Uninstalled PGP 10.0.1 and rebooted

Verified that SEP Proactive Threat Protection was working once PGP was removed.

Uninstalled SEP 12.1.3 and rebooted

Ran Cleanwipe Utility and rebooted

Installed SEP 12.1.4 and rebooted

Verified that once again Proactive Threat Protection was functioning correctly

Installed PGP 10.3.1 (as this version supposedly fixes this issue with SEP) and rebooted

SEP Proactive Threat Protection is disabled after the reboot.

trav531's picture

Hey NirHal, have you found a solution to this yet?  Support is still working on it on my end.

DCSEPadmin's picture

I have the same exact problem. Waiting on SEP support. They want to send me to Symantec PGP support. I said no. I did call Symantec PGP support and they were clueless. I can't believe this is the same company.

Symantec Certified Specialist

.Brian's picture

It sounds like this a bug and will only be resolved with a code fix. Did you provide logs for support?

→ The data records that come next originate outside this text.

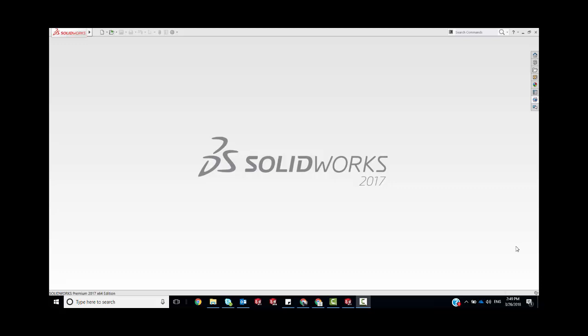Hey guys, today we're going to look at how we can reset our SOLIDWORKS registry. This can be a really useful troubleshooting technique when maybe your custom settings or properties are causing errors and SOLIDWORKS is misbehaving.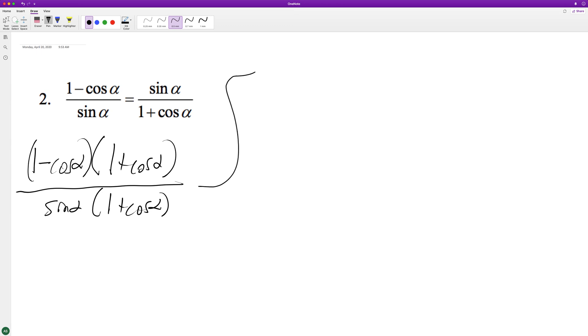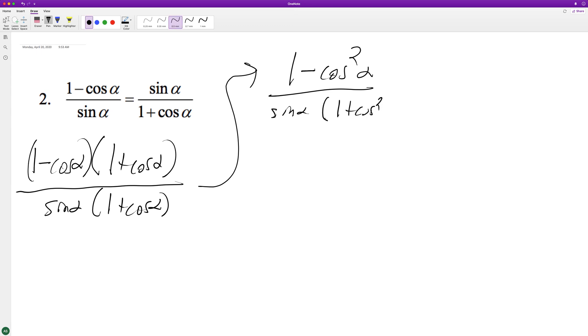We end up with 1 minus cosine squared alpha over sine alpha times 1 plus cosine alpha. This is a trig identity - it's the same thing as sine squared. So we can have sine alpha sine alpha.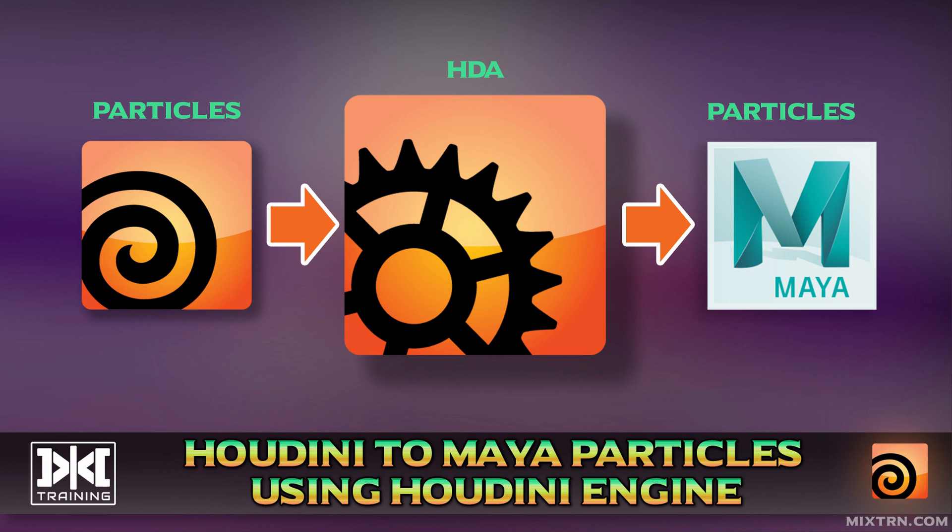Hello, welcome to Mix Training, this is BetterMix and today we are going to learn how to export Houdini particles to Maya using Houdini engine.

Please click the "Mark as solution" link at bottom left on the post that best answers your question. This will benefit admins looking for a solution to the same problem.

trav531's picture

Yeah, they're wanting me to open a case with the PGP support as well now. DC SEPadmin, do you know WHEN you started seeing the issue? For us, it was beginning of October. It worked fine before then.

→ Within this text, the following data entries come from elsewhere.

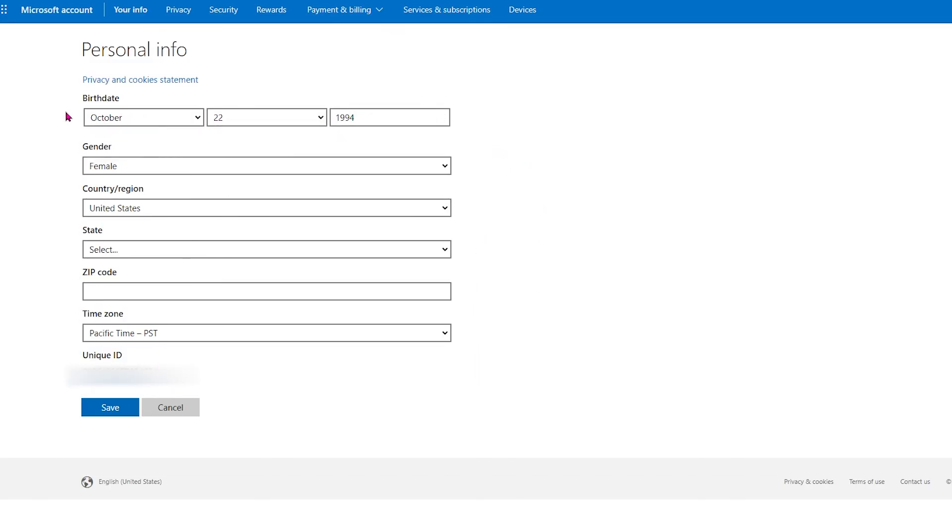Remember if you're below 13 years old there will be some restrictions on your account and you'll need parental permission. Once the date is placed go ahead and click on save to input the information.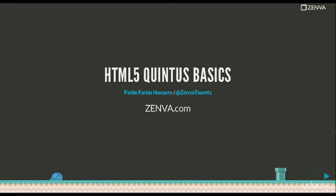Hi guys and welcome to HTML5 Quintus Basics. My name is Paolo Farias Navarro, I'm the founder of Zenva, and I'm also an active user and contributor of the Quintus open source project.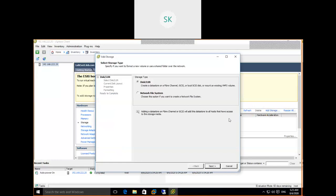Once we click Add Storage, a wizard appears. There are two options: create a datastore on a Fibre Channel, iSCSI, or local SCSI disk — or mount an existing VMFS volume. We need to select the storage type. Is it SAN, NAS, or local storage? The second option is Network File System — choose this if you want to create an NFS mount from a NAS filer, providing a UNC path.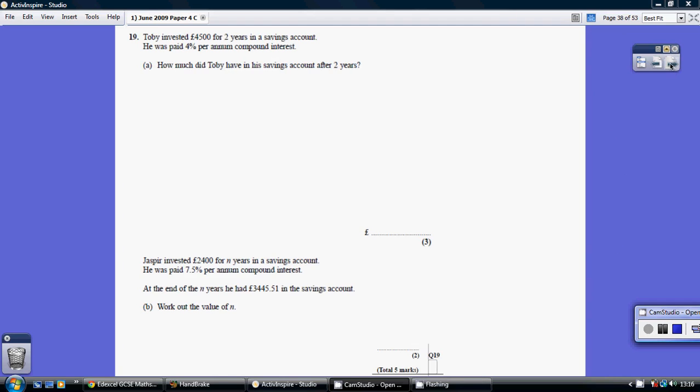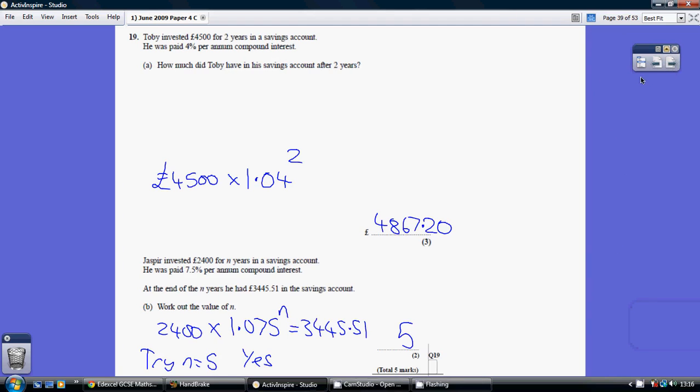Question 19. So, compound interest question. You really just need to learn the shortcut way, which is this way. It's better than just working it out year after year.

I've made it to 3rd level support now, and have an engineer on the case. They're wanting me to make a VM of the workstation for them to play with. Will keep you all posted.

DCSEPadmin's picture

Yes. I sent the large symhelp file to sep support and other log files to encryption support. The issue started when we had to install the new desktop encryption software. We had an older version. My hunchsi that the  issue is a conflict between sep application and device control “Non-Plug and Play Drivers” drivers and “Non-Plug and Play Drivers”: PGPdisk and PGPsdkDriver from desktop encryption.

It's simple to reproduce. Install SEP with a device and app policy. Then isntall desktop encrytion software. reboot.

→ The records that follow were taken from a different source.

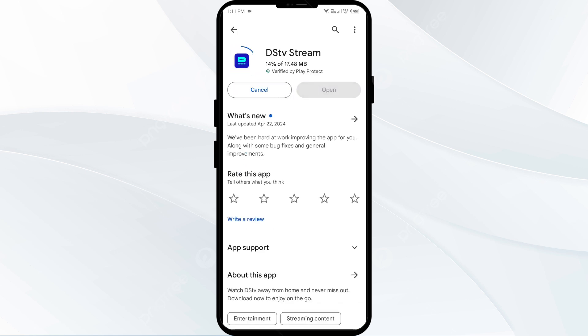If none of the above methods work, the issue may be that the DSTV app server is down. In such cases, you may need to wait for some time and try again later.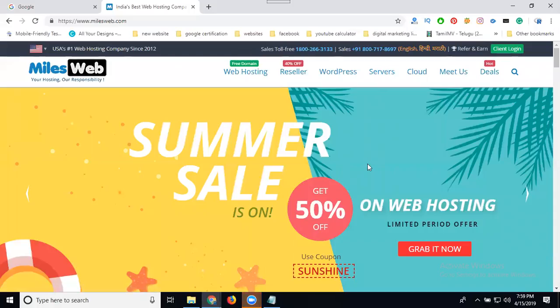People are thinking about how to purchase a lifetime free domain. When is it possible to get a lifetime free domain? Some servers offer this. There are two options: one is shared hosting, and the second is WordPress hosting.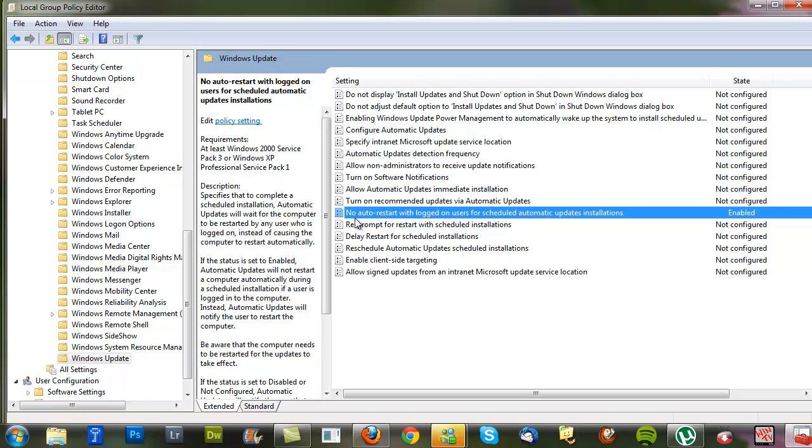This means that whenever your Windows has had an automatic update, it should not automatically reboot your computer, which is the very problem that we're having. Problem solved! Thank you very much.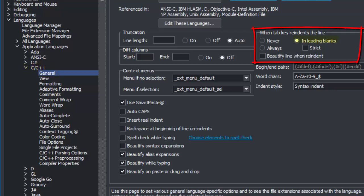The default is to re-indent the line when the Tab key is pressed when the cursor is in leading blanks. But some users like the Tab key to re-indent when the cursor is anywhere in the line.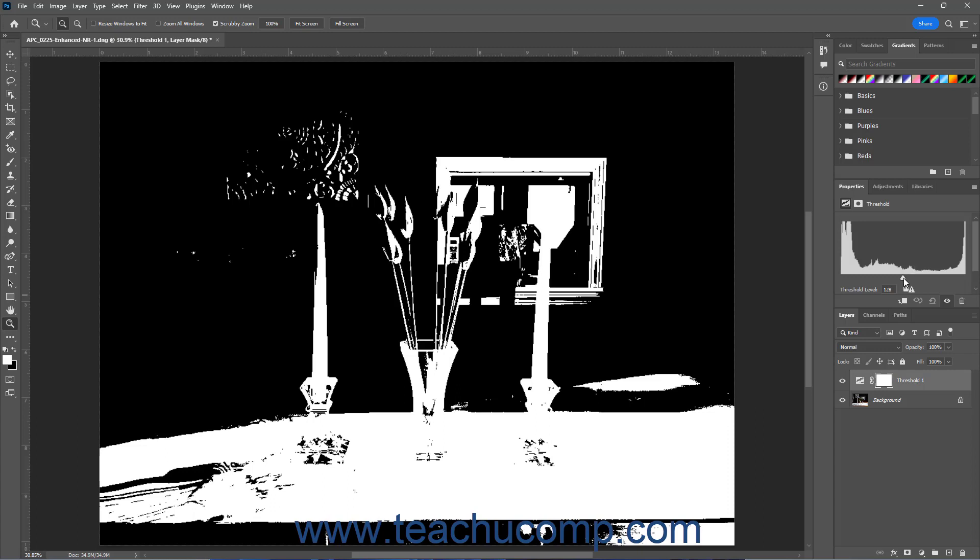To change the Threshold value, click and drag the upward pointing arrow under the histogram to the left or right. Alternatively, enter a value from 1 to 255 into the Threshold Level field.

Symantec Certified Specialist

.Brian's picture

Any progress with this?

Please click the "Mark as solution" link at bottom left on the post that best answers your question. This will benefit admins looking for a solution to the same problem.

trav531's picture

It appears the January 15, 2014 R11 definitions for Proactive Threat Protection has fixed the issue.  I still have a couple of workstations to investigate, but since Wednesday's definition update, my list of affected clients has gone from 29 to 7.